Billing and Reimbursement Considerations

Coding for pulmonary nodule has direct impact on revenue cycle outcomes:

Reimbursement Impact

Compliance Considerations

Accurate ICD-10 coding is critical for healthcare revenue cycle performance. CombineHealth.ai's AI-powered platform helps RCM teams ensure coding accuracy, reduce denials, and optimize reimbursement through intelligent denial management and claim validation.
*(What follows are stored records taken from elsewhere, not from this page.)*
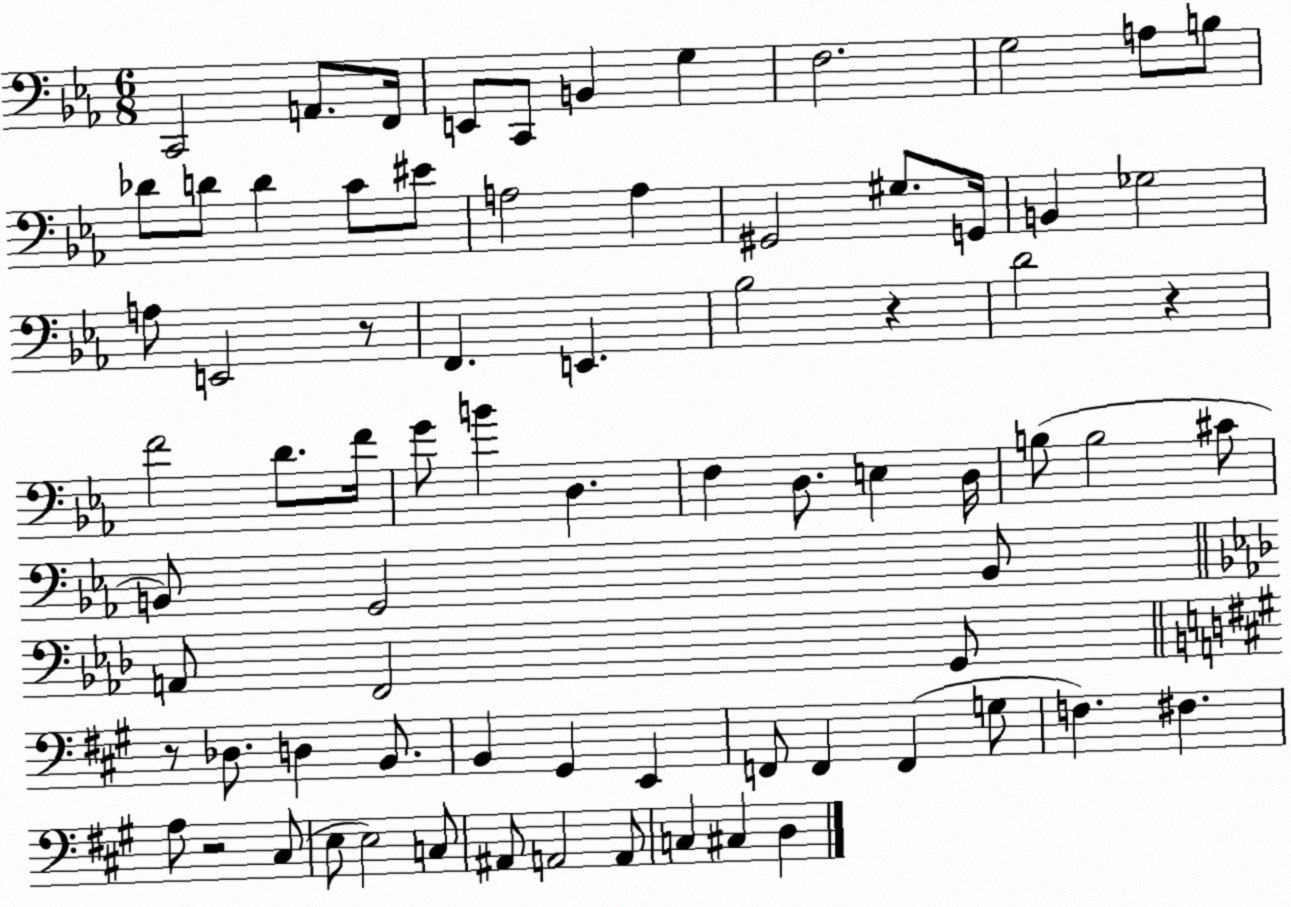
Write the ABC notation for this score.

X:1
T:Untitled
M:6/8
L:1/4
K:Eb
C,,2 A,,/2 F,,/4 E,,/2 C,,/2 B,, G, F,2 G,2 A,/2 B,/2 _D/2 D/2 D C/2 ^E/2 A,2 A, ^G,,2 ^G,/2 G,,/4 B,, _G,2 A,/2 E,,2 z/2 F,, E,, _B,2 z D2 z F2 D/2 F/4 G/2 B D, F, D,/2 E, D,/4 B,/2 B,2 ^C/2 B,,/2 G,,2 B,,/2 A,,/2 F,,2 G,,/2 z/2 _D,/2 D, B,,/2 B,, ^G,, E,, F,,/2 F,, F,, G,/2 F, ^F, A,/2 z2 ^C,/2 E,/2 E,2 C,/2 ^A,,/2 A,,2 A,,/2 C, ^C, D,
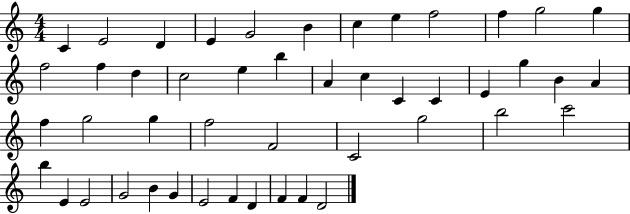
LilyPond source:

{
  \clef treble
  \numericTimeSignature
  \time 4/4
  \key c \major
  c'4 e'2 d'4 | e'4 g'2 b'4 | c''4 e''4 f''2 | f''4 g''2 g''4 | \break f''2 f''4 d''4 | c''2 e''4 b''4 | a'4 c''4 c'4 c'4 | e'4 g''4 b'4 a'4 | \break f''4 g''2 g''4 | f''2 f'2 | c'2 g''2 | b''2 c'''2 | \break b''4 e'4 e'2 | g'2 b'4 g'4 | e'2 f'4 d'4 | f'4 f'4 d'2 | \break \bar "|."
}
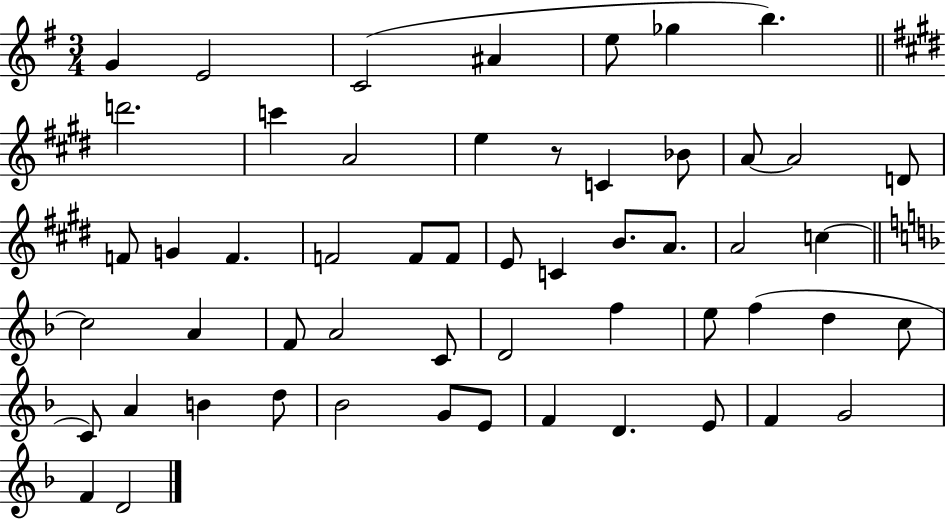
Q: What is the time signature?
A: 3/4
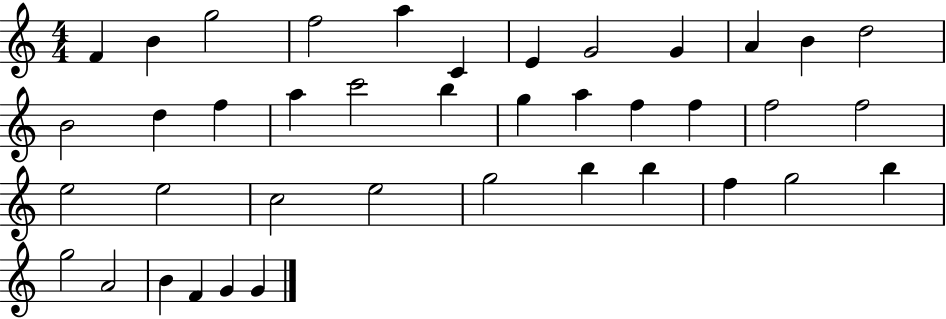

CombineHealth.ai's intelligent platform provides automated claim scrubbing and coding validation to catch errors before submission, reducing denials and improving first-pass acceptance rates.

FAQs

Q1: What is the ICD-10 code for pulmonary nodule?
The ICD-10-CM code for pulmonary nodule is R91.1. This code applies when a single, radiographically identified lung opacity is documented as a solitary pulmonary nodule without biopsy confirmation of malignancy or specification of an alternative cause.

Q2: When should I use R91.1 vs related codes?
Use R91.1 for an isolated, undocumented solitary nodule. Use codes for secondary malignant neoplasm of lung when nodules represent metastases, and use malignant neoplasm codes when pathology confirms primary lung cancer. Use R91.8 when the finding is nonspecific or not described as solitary.

Q3: What documentation is required when coding for pulmonary nodule?
Document nodule size, anatomic location, imaging modality, comparison with prior studies, characterization (solid vs ground-glass), clinician assessment, and planned management. For procedures, also document indications, consent, and pre-procedural planning to support medical necessity.

Q4: What are common denial reasons when coding for pulmonary nodule?
Denials commonly stem from lack of specificity in documentation, billing R91.1 when malignancy is confirmed, or failing to link diagnostic codes to billed services. See our guide on denial management for strategies to reduce and resolve these denials.